Building Your Mailing List

Building your mailing list can take more time, aggravation, tears, and patience than writing the actual book. Some people don't realize this, so it can come as an unexpected surprise.

People don’t like sharing their email. With the proliferation of spam and phishing accounts on the web, getting people to part with their emails is an uphill battle. Still, as we’ve learned so far, nothing is impossible with a little bit of tact and resourcefulness. So how do we do it?

Family and Friends
Ask your family and friends to join. This will give you a chance to practice sending newsletters, as well as to test the forms being used. Is your newsletter easy to sign up to? Are there too many steps? Did it go to the Spam folder? Are your emails boring, predictable, spammy? Take this time to get their thoughts on what you’re doing, and how you can make them better.

Fan Pages
By now, you should have a fan page at a social media site, if not a few of them. Post there for your fans, let them know you’re starting your newsletter, and you’d love it if they joined. Include a line that you’ll only send when you have something to say, so they won’t be deluged with emails.

Takeovers
Whenever you do author takeovers or guest posts somewhere, be sure to mention your newsletter sign-up link. If people were interested in what you posted and enjoyed your writing, they’re more likely to sign up to your newsletter during the event.

Giveaways
Run giveaways for your mailing list. Sometimes, people need to see something a few times before it catches their attention. So if you’ve done a takeover, a week or two later, offer a giveaway for sign-ups. A $5 Amazon coupon, autographed print book, Ebooks, some swag… whatever can garner interest, use it. Include extra “entries” if they share the post, on one or more social media pages. This keeps it circulating and in people’s feeds.

Newsletter Swap Events
No, we don’t mean share your newsletter. Never ever do this. It’s bad business practice and people will unsubscribe the moment they realize you sold or shared their information. There are companies that exist solely to help authors build their mailing lists. What they do is, they choose a genre to “host” for a month.

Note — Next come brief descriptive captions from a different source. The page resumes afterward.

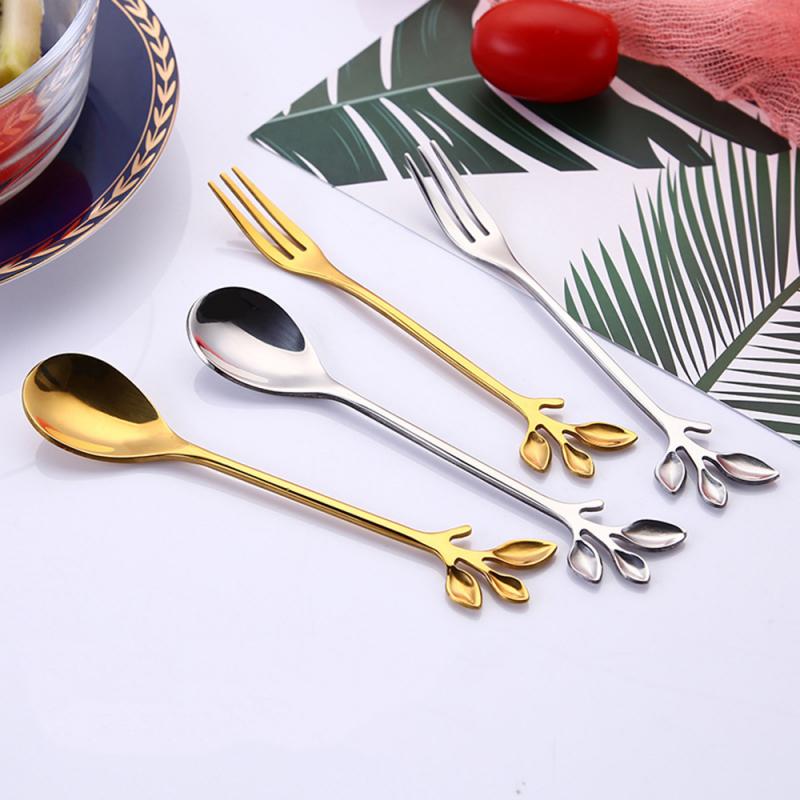 1pc Originality Leaf Metal Coffee Spoon Small Luxury Cute Coffee Stirring Spoon Stainless Steel Seasoning Dessert Fork Teaspoon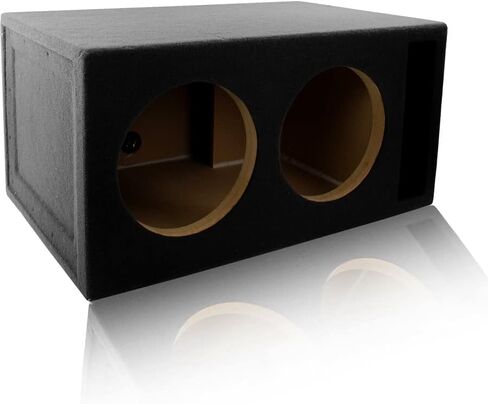 4.0 Cu. Ft. Ported/Vented MDF Sub Woofer Enclosure Box [Black] for Car Subwoofer(s) (4.0 ft^3 @ 32Hz) | Premium MDF Construction | Made in U.S.A. (Dual 12" Round) in Saudi Arabia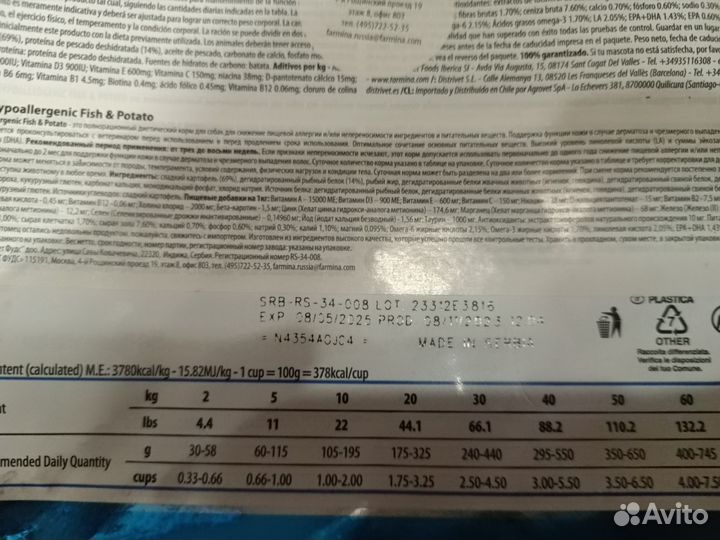 Корм для собак farmina hypoallergenic2кг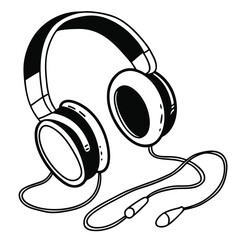 headphones on white background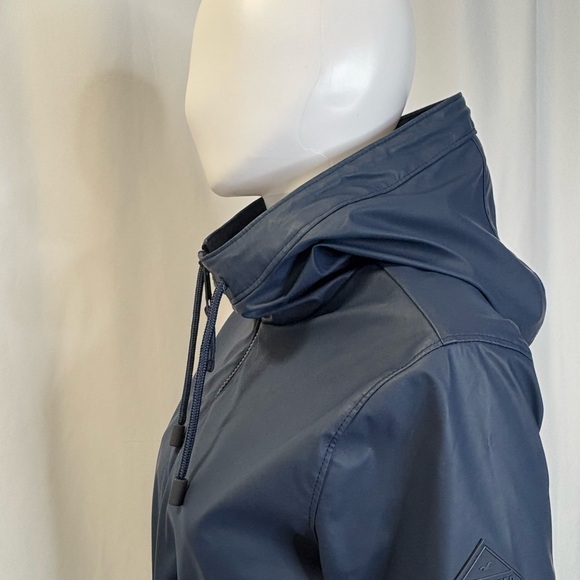 Hollister Hooded Coated Raincoat Womens Size XS Navy Cargo Pocket Anorak Shell - Picture 6 of 12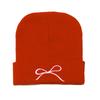 Korean version of outdoor cycling warm cold hat bow knitted hat trendy versatile autumn and winter cold wool hat women 2025
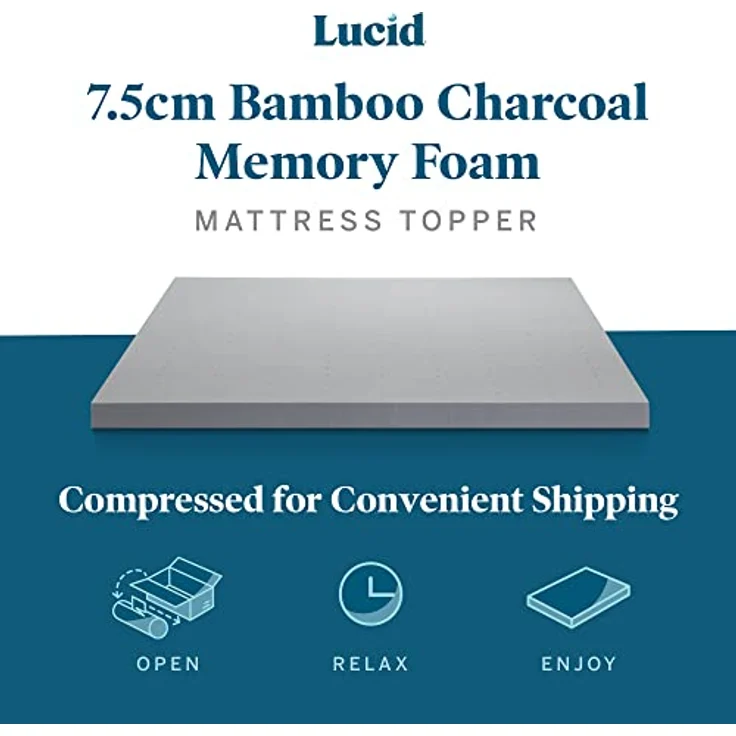 LUCID 7,5 cm Bambuskohle Memory Foam Matratzenauflage - Aktivkohle - Atmungsaktive Matratzenauflage, Doppelbett (135x190 cm) – Bild 3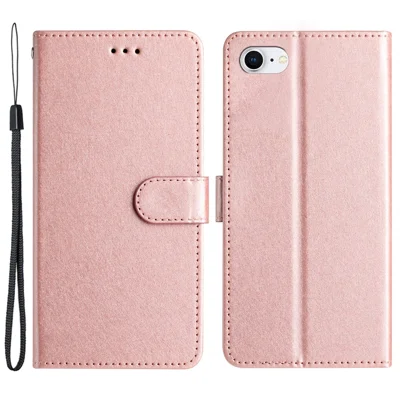 For iPhone 6 / 6s / 7 / 8 / SE (2020) / SE (2022) Phone Stand PU Leather Cover Silk Texture Wallet Case with Wrist Strap - Rose Gold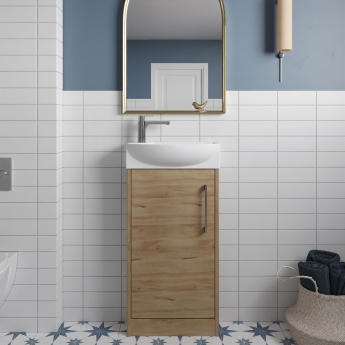 Hudson Reed Juno Compact RH Floor Standing Vanity Unit and Basin 440mm Wide - Autumn Oak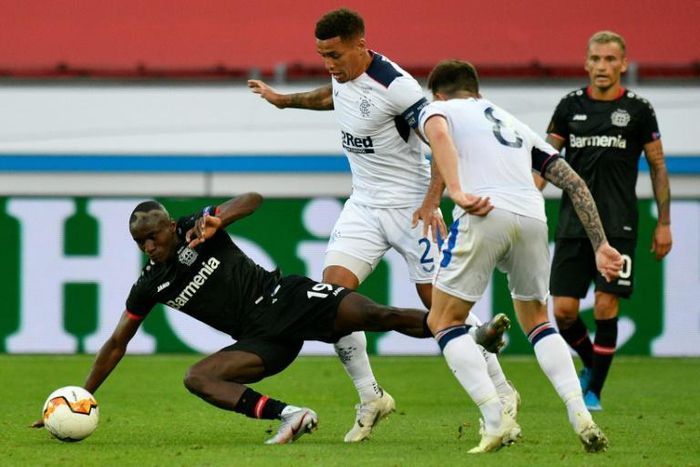 Rangers defender James Tavernier (C) scored twice against Motherwell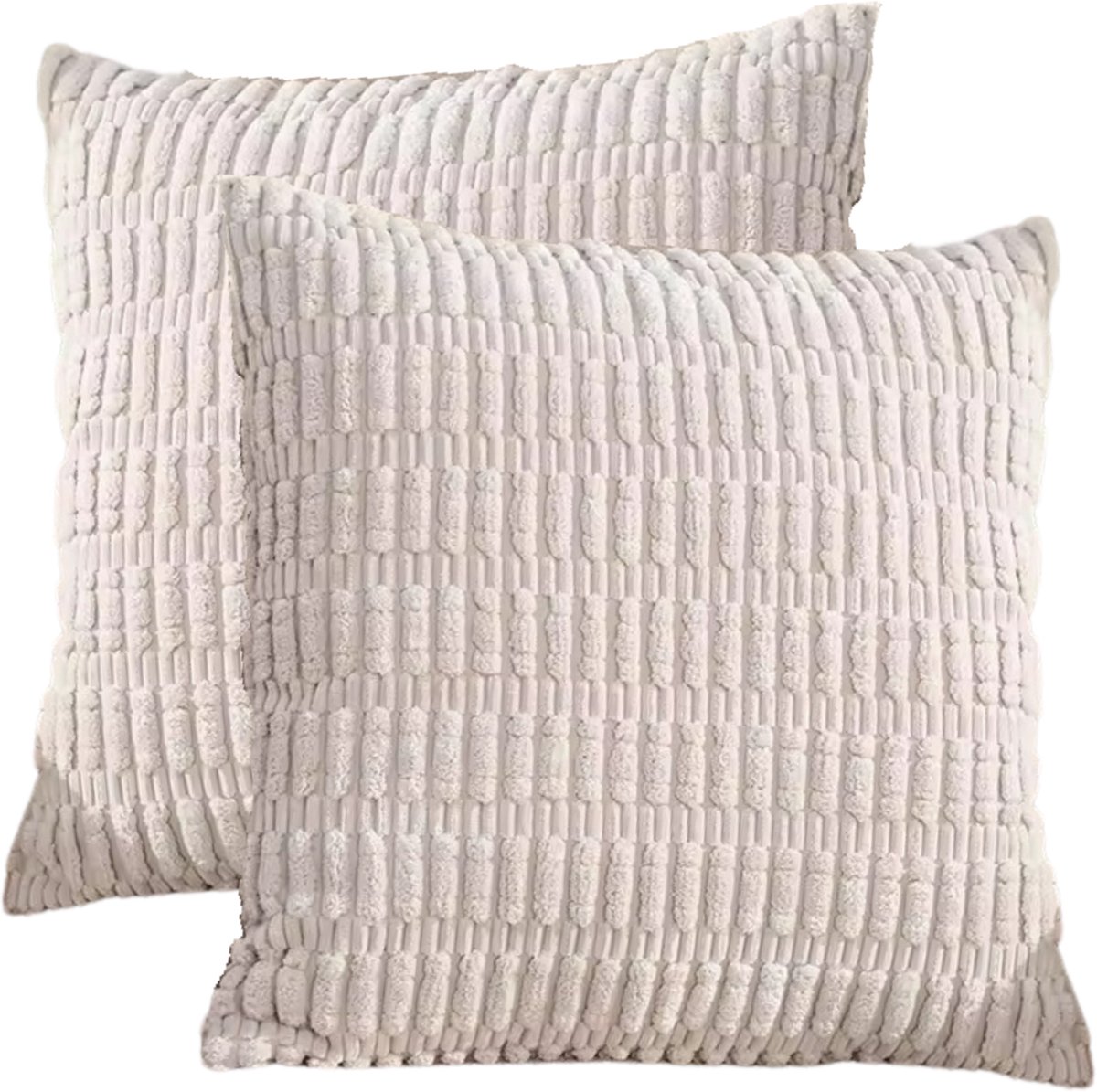 Sierkussenhoes Wit 45x45 cm Set van 2 - Vertikaal Effen Rib Motief Dit zijn Moderne Woonkamer Kussenshoezen van LiveOnce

Authors sign up as interested authors, and pay the fee for hosting. Once enough authors sign up to a particular event, each author shares the giveaway link to their own newsletter. Interested readers sign up for the giveaway, acknowledging that they understand they’re giving all participating authors their email. If you happen to be in a popular genre, this can net anywhere from 30 to 5,000 newsletter sign-ups.

Social Blitzes
Met some great authors? Share their links. Tag them. Let them know you’ve done something to broaden their reach. When you post yours, these authors are likely to remember you’d done something nice for them, and be more willing to share out your links in return. Get a few authors together, and create a far reaching social blitz that helps the authors participating by sharing far beyond their normal fans. Run a newsletter contest together, where readers have to sign up to all newsletters to win a prize that all authors contributed to. This is a great way to reach more potential readers.

Event Forms
Print out a sheet for newsletter sign-ups if you plan on going to any author events. Interested people can add their email to the list, which you can then import into your mailing list provider once you’re home. Another option is to have a second laptop, if the location you’re at has WiFi for the authors to use. Set it to your online form, and let people sign up at your booth. Be sure to give them a business card or small swag item, that way when they get home and get your first email, they’ll remember you instead of clicking unsubscribe right away. Bonus, somewhere on your business card, put “Be sure to sign up for news, giveaways, and more!” or something of that nature. Remind them you’ve got one!

Free Books
This is a staple of newsletter marketing. However, if you don’t have a large backlist, putting up one for free can physically hurt. Consider offering up a few shorter stories instead. Write an epilogue, added scene, or a look at a secondary character. Give readers a reason to sign up to see more of your work, and they usually will.

Call To Action Buttons
Facebook allows you to add a “call to action” button to the top of your fan page. Use this to link to your sign-up form, and new visitors to your page will be prompted to sign up for your newsletter. It’s unobtrusive, but it does help with reminding readers to click if they’d like to keep in contact with you. As we said, it takes seeing things a few times to peak interest, so seeing a link and then a sign-up button can gain you more subscribers than a link alone.

Once you have subscribers, you need to keep them. Don’t spam. Send emails when you have new releases, when you’re pimping out a giveaway, when you’re working on something new. Don’t sweat the unsubscribes. They happen to everyone and there is no rhyme or reason to it. Sometimes people forget they gave you their email. Or, more likely, they signed up for a giveaway and unsubscribed after. We can’t force people to remain on our mailing lists, but we can entice them with regular giveaways and interesting, insightful emails.

Once you’ve developed a healthy list, stop offering giveaways for your newsletter. Instead, start offering subscriber ONLY giveaways. That way, the people already on your list will stay, and more people will join and stay, knowing that you regularly offer subscribers a special contest or extra ‘goodie’ just for them.